SUPPLIED DATA Block Start

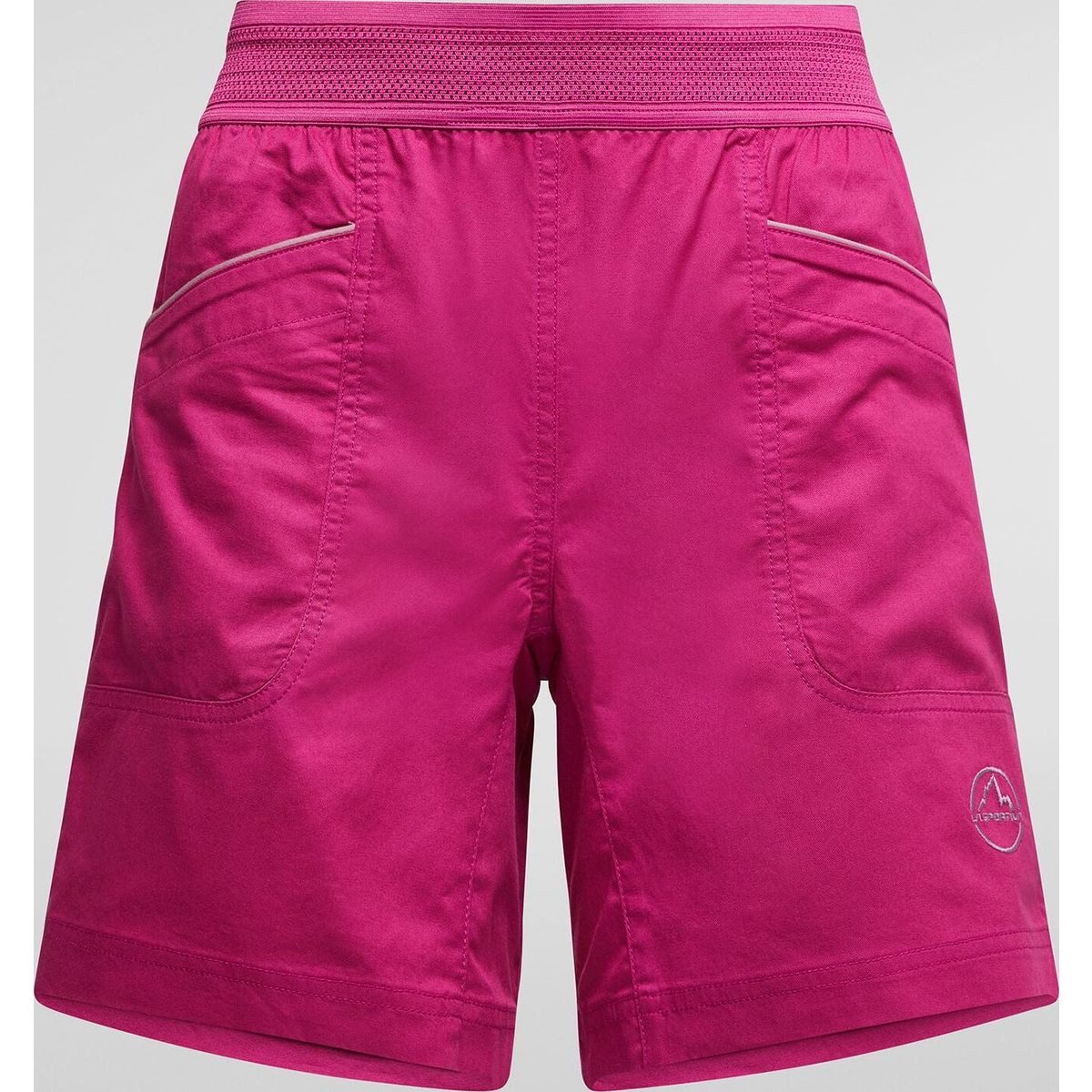 La Sportiva Funktionsshorts Onyx Short Women Die Onyx Damenshort ist eine Neuigkeit in La Sportivas Climbing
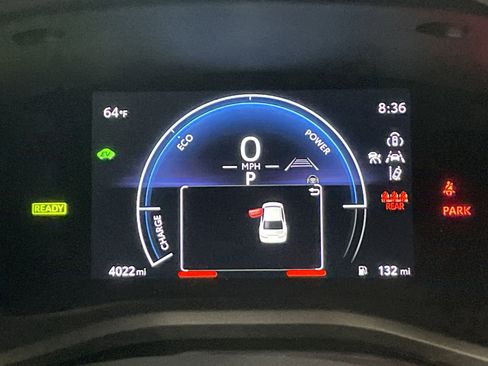 Used 2026 Toyota Camry LE FWD image 21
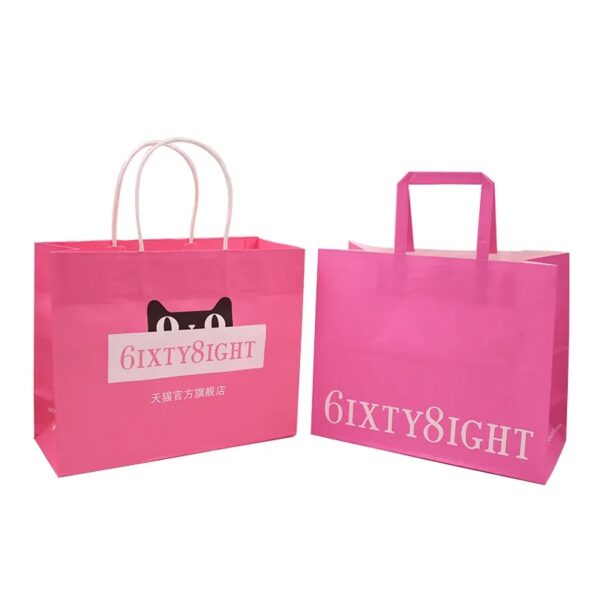 Paper bag customization - Image 6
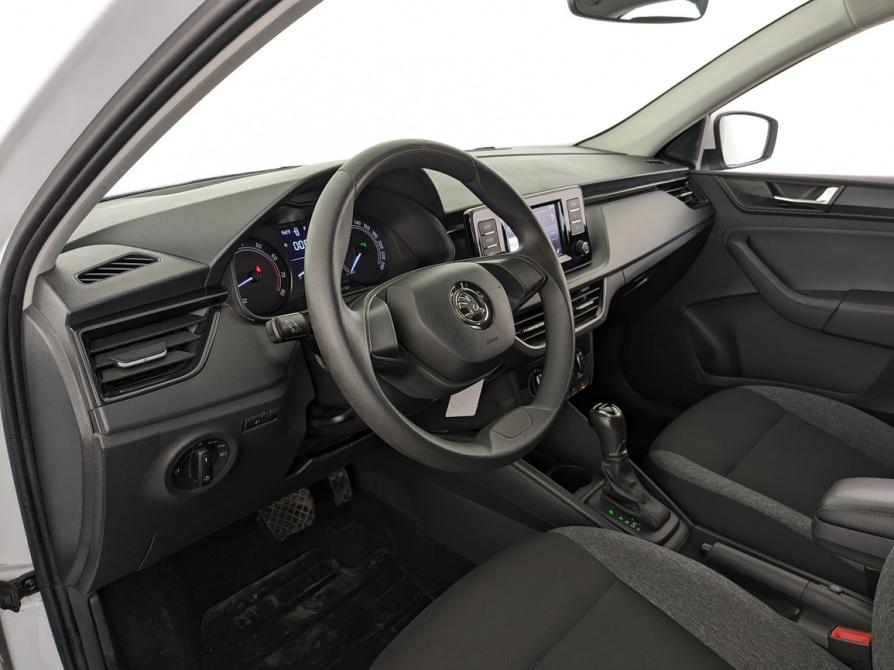 Skoda Rapid II Москва  - изображение 16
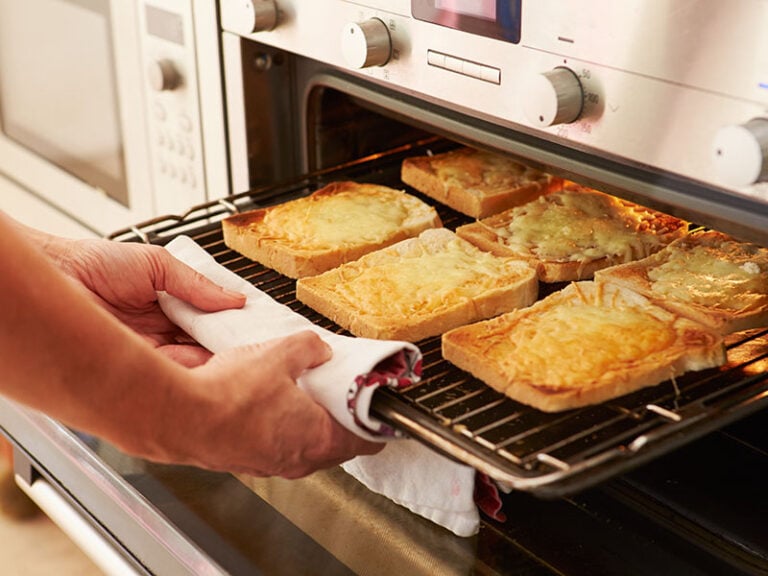 How To Toast Bread In An Oven A Complete Guide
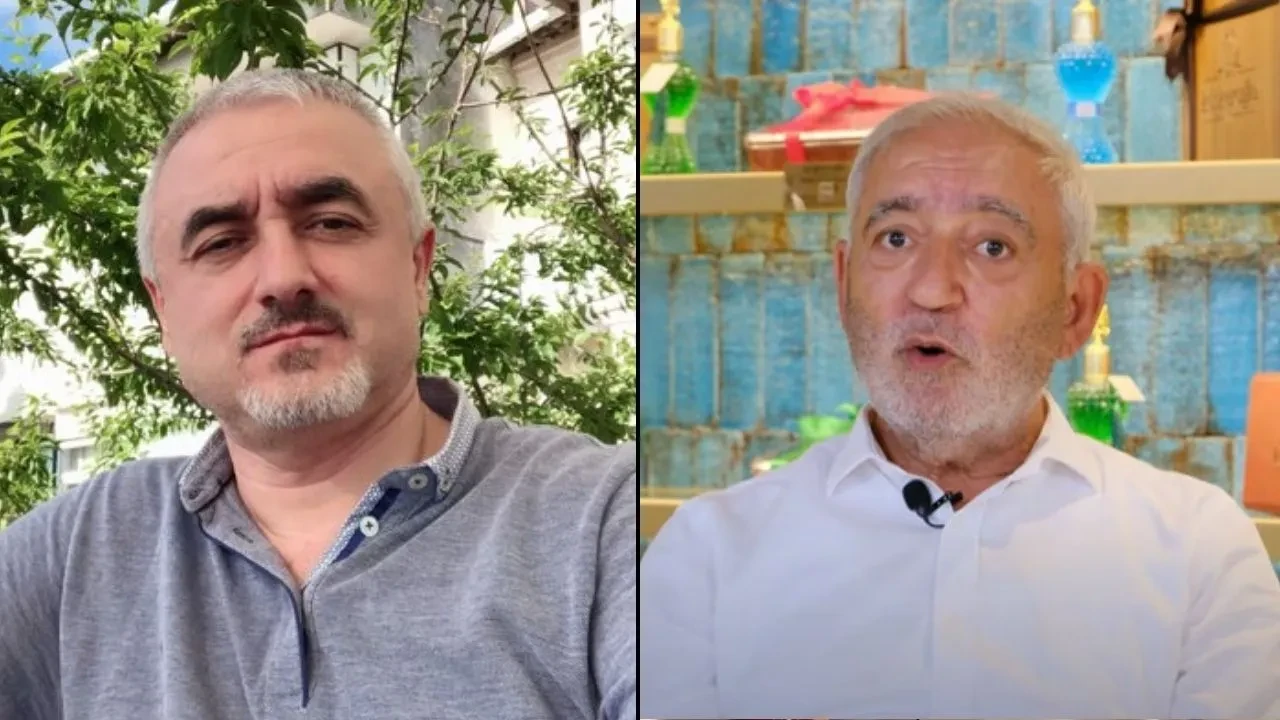 Bayrampaşa Belediyesi soruşturmasında yeni gelişme: Ünlü baklavacı da tutuklandı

SUPPLIED DATA Block End

PROMPT> Each line from the one containing "How To Toast" through the last line of the listing is to be given again exactly, with no pictures and no other lines.

SOLUTION>
 How To Toast Bread In An Oven A Complete Guide
 Bayrampaşa Belediyesi soruşturmasında yeni gelişme: Ünlü baklavacı da tutuklandı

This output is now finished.